Task to complete: For each entry, output its words exactly and leave any picture behind.

Provided information:
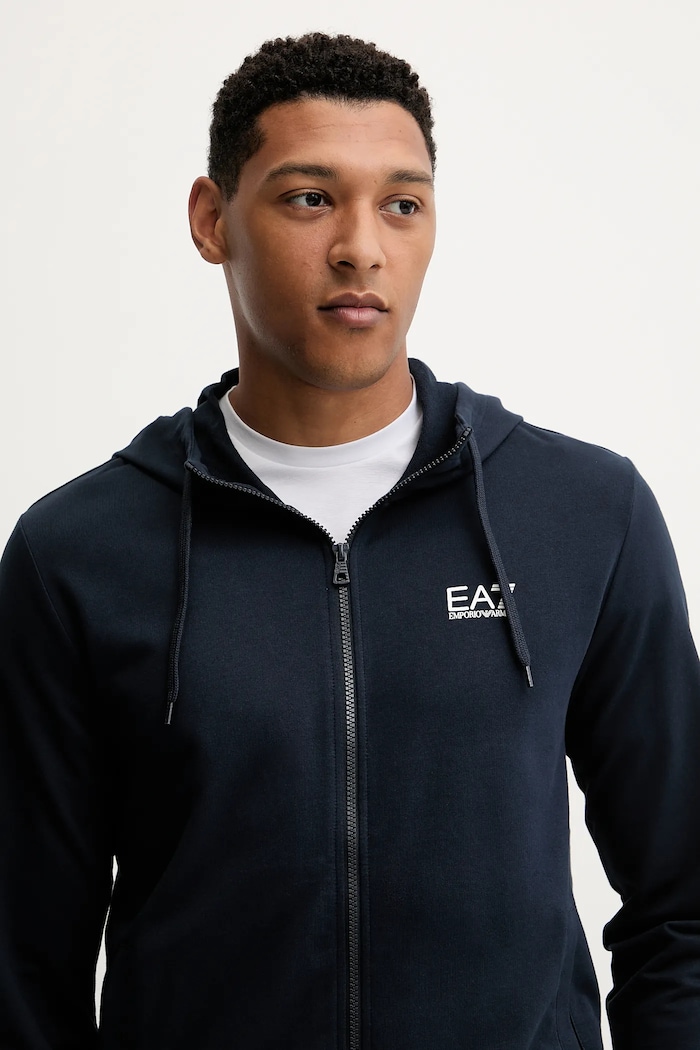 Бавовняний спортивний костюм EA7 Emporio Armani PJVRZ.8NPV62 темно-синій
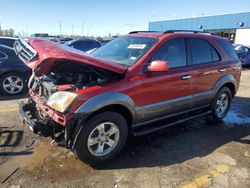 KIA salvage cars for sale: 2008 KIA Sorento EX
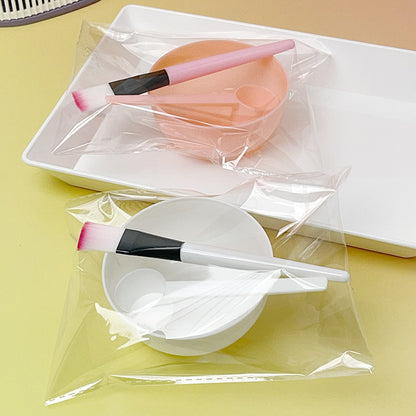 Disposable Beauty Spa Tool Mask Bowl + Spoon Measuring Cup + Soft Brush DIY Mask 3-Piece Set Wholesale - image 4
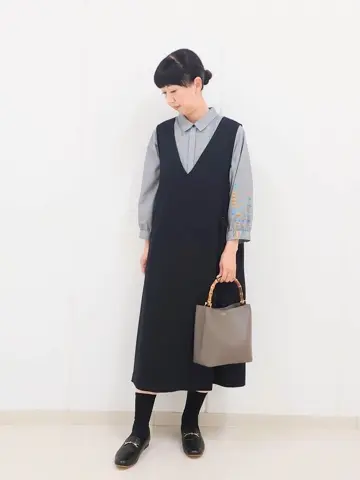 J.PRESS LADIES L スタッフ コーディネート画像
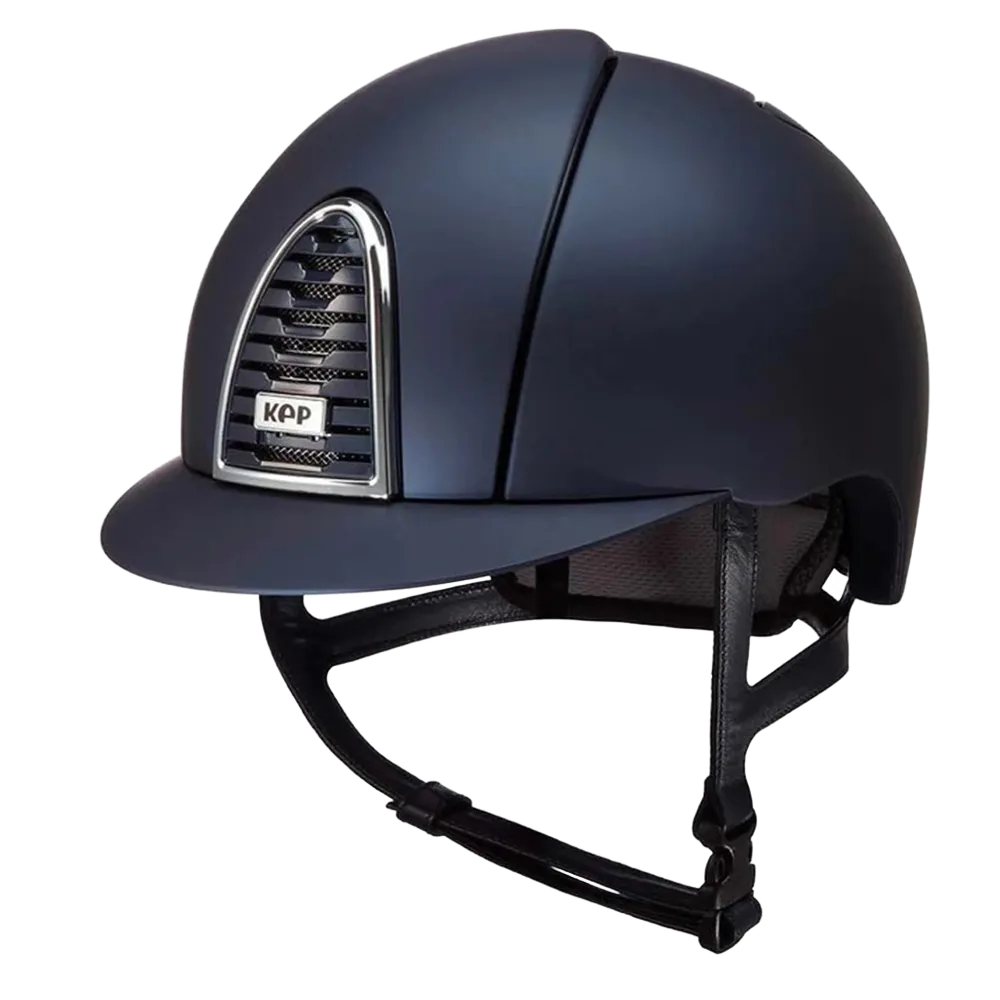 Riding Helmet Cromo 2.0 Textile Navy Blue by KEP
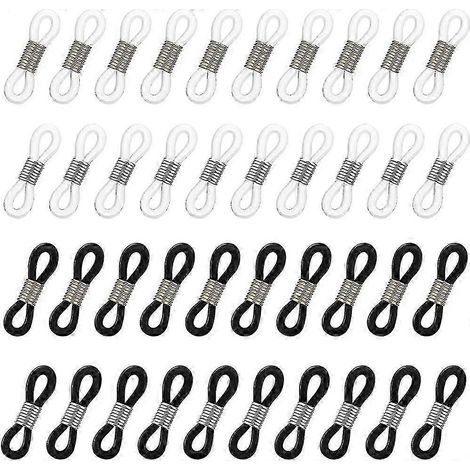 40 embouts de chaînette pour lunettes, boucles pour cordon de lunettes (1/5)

Solution to the problem:
 Бавовняний спортивний костюм EA7 Emporio Armani PJVRZ.8NPV62 темно-синій
 KIA salvage cars for sale: 2008 KIA Sorento EX
 Disposable Beauty Spa Tool Mask Bowl + Spoon Measuring Cup + Soft Brush DIY Mask 3-Piece Set Wholesale - image 4
 J.PRESS LADIES L スタッフ コーディネート画像
 Riding Helmet Cromo 2.0 Textile Navy Blue by KEP
 40 embouts de chaînette pour lunettes, boucles pour cordon de lunettes (1/5)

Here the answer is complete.